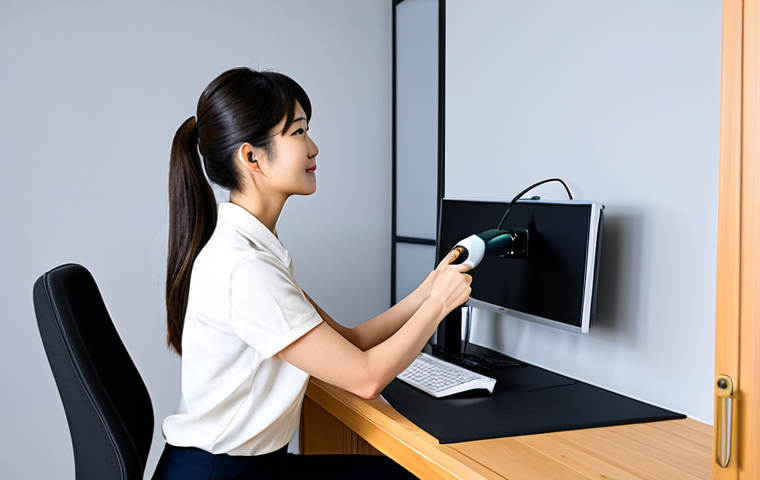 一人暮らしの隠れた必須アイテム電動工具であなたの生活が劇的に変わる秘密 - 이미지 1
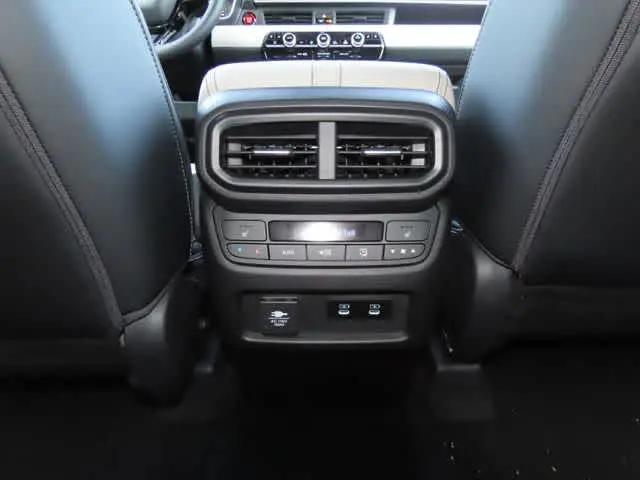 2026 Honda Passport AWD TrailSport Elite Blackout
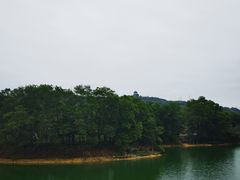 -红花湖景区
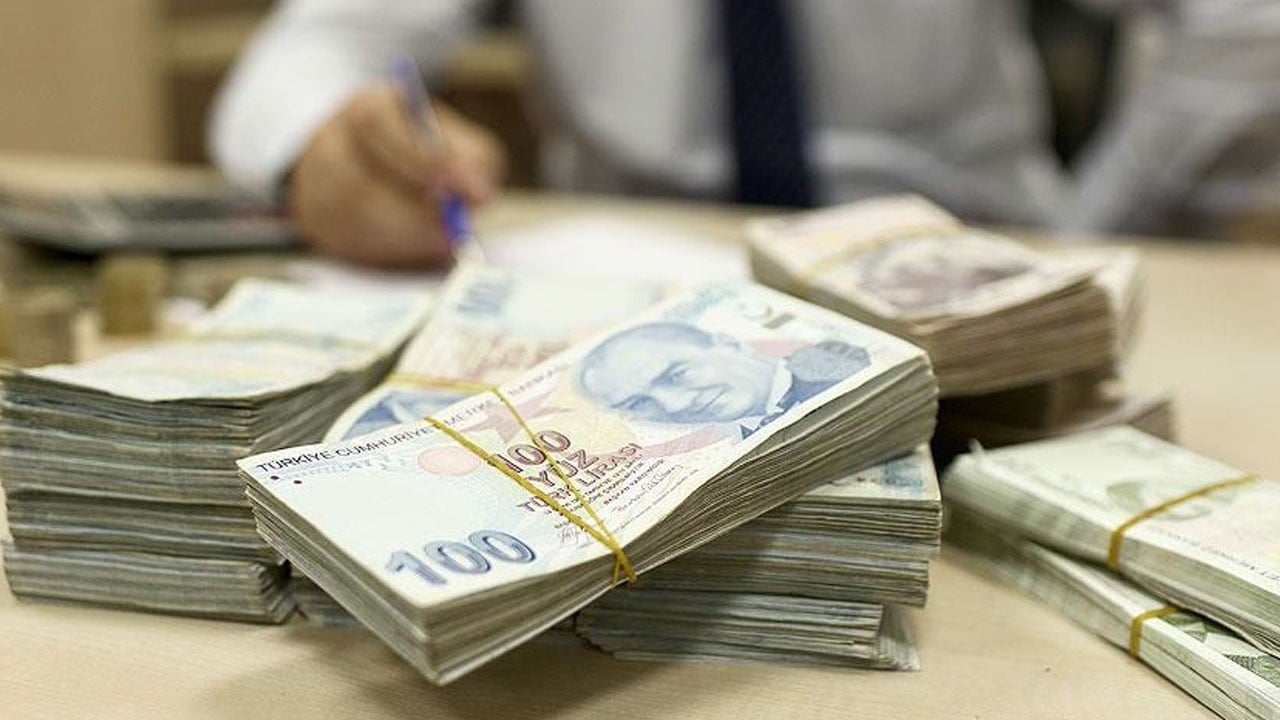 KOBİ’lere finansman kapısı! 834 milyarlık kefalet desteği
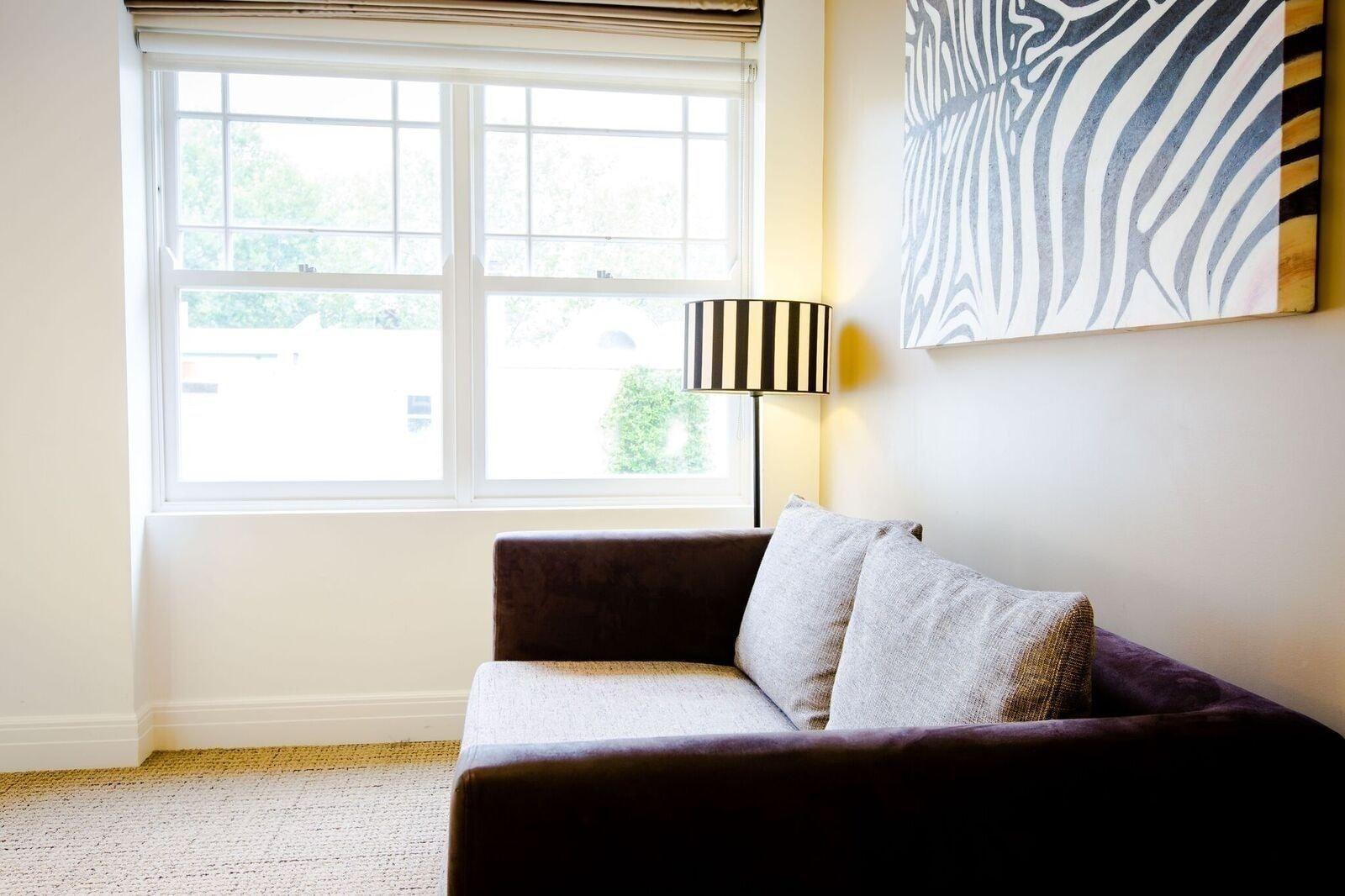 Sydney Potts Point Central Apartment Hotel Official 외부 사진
******
#### [Exercise brief]
Only what runs from the line containing "2026 Honda Passport" through the end of the entries above should be extracted, exactly and without pictures.

#### [Expected answer]
 2026 Honda Passport AWD TrailSport Elite Blackout
 -红花湖景区
 KOBİ’lere finansman kapısı! 834 milyarlık kefalet desteği
 Sydney Potts Point Central Apartment Hotel Official 외부 사진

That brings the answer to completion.